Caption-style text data

※

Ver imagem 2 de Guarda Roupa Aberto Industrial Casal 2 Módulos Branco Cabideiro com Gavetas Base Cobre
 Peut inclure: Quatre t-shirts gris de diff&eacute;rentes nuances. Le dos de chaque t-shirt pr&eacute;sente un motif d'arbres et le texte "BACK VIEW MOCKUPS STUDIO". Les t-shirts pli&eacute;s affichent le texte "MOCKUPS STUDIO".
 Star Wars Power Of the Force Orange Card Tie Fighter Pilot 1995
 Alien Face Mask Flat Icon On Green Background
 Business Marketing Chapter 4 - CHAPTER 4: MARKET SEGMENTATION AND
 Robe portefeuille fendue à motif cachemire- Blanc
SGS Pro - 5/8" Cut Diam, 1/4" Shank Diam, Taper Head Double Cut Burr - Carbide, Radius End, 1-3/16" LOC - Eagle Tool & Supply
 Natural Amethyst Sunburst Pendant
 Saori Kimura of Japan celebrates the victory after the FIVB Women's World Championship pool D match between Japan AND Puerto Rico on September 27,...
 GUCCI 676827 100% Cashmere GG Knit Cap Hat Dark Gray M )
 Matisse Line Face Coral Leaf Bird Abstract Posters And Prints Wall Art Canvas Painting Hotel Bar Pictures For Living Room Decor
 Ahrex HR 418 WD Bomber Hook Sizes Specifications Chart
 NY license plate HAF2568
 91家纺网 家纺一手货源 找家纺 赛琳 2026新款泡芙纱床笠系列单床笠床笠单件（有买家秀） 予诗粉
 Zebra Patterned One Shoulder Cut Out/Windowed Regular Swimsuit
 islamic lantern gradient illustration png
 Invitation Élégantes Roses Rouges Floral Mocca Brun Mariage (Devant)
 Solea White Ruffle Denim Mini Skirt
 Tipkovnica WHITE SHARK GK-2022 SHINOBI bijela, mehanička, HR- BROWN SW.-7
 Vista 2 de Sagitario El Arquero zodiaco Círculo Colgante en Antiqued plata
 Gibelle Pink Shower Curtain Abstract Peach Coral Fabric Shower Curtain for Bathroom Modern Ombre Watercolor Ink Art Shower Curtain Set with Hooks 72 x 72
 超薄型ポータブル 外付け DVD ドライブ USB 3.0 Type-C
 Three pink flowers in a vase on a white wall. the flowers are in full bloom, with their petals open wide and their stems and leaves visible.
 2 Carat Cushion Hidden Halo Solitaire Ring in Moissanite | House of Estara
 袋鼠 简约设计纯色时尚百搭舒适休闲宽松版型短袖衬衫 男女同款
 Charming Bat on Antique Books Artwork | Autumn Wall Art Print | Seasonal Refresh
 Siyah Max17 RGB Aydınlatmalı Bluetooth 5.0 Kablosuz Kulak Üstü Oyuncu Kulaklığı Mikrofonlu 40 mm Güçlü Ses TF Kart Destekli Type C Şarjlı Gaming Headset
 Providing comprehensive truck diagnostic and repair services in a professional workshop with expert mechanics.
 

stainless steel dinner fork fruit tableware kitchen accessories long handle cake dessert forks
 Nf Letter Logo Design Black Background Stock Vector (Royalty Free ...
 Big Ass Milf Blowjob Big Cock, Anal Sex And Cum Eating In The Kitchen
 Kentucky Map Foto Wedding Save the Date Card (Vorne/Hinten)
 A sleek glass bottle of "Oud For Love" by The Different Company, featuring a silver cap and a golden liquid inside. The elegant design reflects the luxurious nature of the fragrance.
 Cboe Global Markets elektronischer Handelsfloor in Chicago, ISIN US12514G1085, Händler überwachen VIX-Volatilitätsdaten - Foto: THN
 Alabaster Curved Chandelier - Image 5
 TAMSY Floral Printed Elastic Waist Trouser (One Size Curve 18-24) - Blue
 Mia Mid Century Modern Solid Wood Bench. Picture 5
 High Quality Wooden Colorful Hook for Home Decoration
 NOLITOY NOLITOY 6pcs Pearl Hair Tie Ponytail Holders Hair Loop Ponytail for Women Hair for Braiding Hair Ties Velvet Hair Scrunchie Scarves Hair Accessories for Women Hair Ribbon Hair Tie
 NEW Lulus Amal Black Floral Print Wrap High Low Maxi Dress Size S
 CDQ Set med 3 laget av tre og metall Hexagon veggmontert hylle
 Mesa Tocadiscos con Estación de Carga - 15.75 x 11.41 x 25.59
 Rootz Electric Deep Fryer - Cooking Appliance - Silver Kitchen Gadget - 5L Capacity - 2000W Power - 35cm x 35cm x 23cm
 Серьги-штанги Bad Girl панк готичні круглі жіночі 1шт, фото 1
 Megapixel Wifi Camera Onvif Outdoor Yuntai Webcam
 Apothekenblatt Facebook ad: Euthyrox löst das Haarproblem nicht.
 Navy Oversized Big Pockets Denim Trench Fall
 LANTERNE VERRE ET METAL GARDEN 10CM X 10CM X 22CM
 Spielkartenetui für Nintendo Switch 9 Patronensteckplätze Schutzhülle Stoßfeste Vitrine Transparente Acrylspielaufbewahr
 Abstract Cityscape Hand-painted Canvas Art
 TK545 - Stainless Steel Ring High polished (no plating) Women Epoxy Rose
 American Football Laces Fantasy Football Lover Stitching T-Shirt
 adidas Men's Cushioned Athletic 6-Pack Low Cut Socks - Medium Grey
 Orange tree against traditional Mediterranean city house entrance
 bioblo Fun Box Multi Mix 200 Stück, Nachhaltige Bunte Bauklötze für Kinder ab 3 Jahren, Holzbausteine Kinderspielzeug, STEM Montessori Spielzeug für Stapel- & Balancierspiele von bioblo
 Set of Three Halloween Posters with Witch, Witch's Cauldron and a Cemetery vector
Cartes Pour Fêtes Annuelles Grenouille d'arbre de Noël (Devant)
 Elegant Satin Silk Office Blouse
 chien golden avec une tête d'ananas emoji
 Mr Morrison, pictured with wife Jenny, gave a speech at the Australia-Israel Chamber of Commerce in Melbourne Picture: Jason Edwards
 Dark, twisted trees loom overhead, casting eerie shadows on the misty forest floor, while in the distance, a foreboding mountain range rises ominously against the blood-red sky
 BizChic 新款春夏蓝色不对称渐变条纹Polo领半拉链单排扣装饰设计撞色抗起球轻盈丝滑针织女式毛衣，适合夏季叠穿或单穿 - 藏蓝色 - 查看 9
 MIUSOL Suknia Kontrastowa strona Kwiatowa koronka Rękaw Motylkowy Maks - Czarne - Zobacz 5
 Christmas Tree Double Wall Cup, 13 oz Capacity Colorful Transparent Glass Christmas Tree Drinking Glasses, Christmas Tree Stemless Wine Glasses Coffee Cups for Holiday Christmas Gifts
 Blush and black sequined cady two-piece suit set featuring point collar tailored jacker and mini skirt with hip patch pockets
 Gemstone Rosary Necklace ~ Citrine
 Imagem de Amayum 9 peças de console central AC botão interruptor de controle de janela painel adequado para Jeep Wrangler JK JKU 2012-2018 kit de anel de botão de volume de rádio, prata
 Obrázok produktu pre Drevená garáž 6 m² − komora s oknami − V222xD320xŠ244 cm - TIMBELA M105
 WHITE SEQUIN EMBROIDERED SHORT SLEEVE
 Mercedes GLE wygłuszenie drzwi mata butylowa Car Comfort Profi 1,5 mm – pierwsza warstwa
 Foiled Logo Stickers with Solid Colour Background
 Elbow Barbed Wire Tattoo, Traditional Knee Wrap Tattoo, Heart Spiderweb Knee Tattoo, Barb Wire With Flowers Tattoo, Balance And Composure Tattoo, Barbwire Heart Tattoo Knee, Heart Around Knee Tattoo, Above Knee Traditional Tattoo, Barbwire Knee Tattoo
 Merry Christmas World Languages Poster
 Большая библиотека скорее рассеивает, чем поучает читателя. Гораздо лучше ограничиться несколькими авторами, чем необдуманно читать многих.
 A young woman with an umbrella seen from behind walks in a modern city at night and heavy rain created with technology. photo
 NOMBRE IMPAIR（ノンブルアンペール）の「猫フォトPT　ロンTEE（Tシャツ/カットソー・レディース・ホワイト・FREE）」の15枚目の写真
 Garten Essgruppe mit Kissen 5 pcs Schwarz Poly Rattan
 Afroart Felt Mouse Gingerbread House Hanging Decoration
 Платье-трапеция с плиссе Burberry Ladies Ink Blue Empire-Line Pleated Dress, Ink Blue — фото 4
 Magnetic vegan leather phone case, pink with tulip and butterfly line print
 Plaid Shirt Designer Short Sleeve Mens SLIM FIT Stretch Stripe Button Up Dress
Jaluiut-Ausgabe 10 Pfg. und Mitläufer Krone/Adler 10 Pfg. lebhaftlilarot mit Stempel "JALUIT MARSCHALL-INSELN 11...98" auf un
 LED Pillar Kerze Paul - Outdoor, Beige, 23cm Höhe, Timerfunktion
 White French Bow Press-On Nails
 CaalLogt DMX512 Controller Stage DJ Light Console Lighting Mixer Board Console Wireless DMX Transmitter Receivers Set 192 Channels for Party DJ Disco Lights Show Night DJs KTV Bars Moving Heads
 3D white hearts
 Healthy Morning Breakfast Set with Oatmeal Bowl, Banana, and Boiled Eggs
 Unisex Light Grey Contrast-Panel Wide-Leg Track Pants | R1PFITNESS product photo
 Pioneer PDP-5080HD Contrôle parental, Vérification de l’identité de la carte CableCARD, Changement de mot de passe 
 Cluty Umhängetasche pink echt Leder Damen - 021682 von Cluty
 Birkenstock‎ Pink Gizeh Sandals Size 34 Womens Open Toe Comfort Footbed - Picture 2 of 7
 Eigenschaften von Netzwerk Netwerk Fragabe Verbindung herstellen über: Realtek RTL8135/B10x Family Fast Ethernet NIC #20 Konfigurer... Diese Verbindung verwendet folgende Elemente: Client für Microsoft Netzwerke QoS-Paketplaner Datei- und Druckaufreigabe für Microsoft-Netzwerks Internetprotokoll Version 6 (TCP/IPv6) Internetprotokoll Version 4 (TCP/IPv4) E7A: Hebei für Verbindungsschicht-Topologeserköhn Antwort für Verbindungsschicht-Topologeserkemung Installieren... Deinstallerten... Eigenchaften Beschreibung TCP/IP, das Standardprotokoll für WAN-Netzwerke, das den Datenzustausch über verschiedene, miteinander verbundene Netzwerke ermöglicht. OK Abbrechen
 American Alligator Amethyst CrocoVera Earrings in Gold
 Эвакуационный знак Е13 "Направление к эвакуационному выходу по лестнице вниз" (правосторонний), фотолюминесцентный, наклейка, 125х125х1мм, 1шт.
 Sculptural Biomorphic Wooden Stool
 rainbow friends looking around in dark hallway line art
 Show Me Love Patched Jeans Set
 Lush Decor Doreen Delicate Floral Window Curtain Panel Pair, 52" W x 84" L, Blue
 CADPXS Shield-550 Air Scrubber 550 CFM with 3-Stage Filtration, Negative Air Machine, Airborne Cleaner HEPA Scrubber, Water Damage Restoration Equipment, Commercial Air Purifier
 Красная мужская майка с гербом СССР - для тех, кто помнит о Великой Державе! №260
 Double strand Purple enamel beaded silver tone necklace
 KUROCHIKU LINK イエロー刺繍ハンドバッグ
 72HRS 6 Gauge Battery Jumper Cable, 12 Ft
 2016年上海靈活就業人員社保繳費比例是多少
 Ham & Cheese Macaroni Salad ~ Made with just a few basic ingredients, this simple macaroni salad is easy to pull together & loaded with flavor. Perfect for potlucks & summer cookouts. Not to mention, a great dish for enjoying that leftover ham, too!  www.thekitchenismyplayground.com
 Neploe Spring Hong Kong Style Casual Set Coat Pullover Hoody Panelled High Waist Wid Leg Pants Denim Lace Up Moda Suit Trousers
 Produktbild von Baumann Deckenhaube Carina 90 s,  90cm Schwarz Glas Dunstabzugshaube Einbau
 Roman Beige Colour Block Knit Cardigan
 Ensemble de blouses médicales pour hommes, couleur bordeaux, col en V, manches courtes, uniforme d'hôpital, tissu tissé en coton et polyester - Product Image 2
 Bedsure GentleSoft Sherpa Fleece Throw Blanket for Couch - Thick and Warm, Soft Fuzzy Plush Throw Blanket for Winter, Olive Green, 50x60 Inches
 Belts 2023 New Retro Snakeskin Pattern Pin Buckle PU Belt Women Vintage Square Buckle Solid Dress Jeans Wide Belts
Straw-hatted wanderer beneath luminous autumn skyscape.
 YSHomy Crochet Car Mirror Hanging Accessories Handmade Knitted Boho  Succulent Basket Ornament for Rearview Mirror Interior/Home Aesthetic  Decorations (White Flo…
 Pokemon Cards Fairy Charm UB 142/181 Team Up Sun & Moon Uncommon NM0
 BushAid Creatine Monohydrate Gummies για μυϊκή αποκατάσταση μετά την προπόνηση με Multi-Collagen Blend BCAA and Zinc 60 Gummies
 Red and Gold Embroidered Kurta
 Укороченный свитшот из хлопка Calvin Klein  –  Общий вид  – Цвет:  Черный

※

To do |
Restate, please, word for word the span of records running from the first line to the line bearing "Business Marketing Chapter", both included, and nothing outside it.

Result of this task |
Ver imagem 2 de Guarda Roupa Aberto Industrial Casal 2 Módulos Branco Cabideiro com Gavetas Base Cobre
 Peut inclure: Quatre t-shirts gris de diff&eacute;rentes nuances. Le dos de chaque t-shirt pr&eacute;sente un motif d'arbres et le texte "BACK VIEW MOCKUPS STUDIO". Les t-shirts pli&eacute;s affichent le texte "MOCKUPS STUDIO".
 Star Wars Power Of the Force Orange Card Tie Fighter Pilot 1995
 Alien Face Mask Flat Icon On Green Background
 Business Marketing Chapter 4 - CHAPTER 4: MARKET SEGMENTATION AND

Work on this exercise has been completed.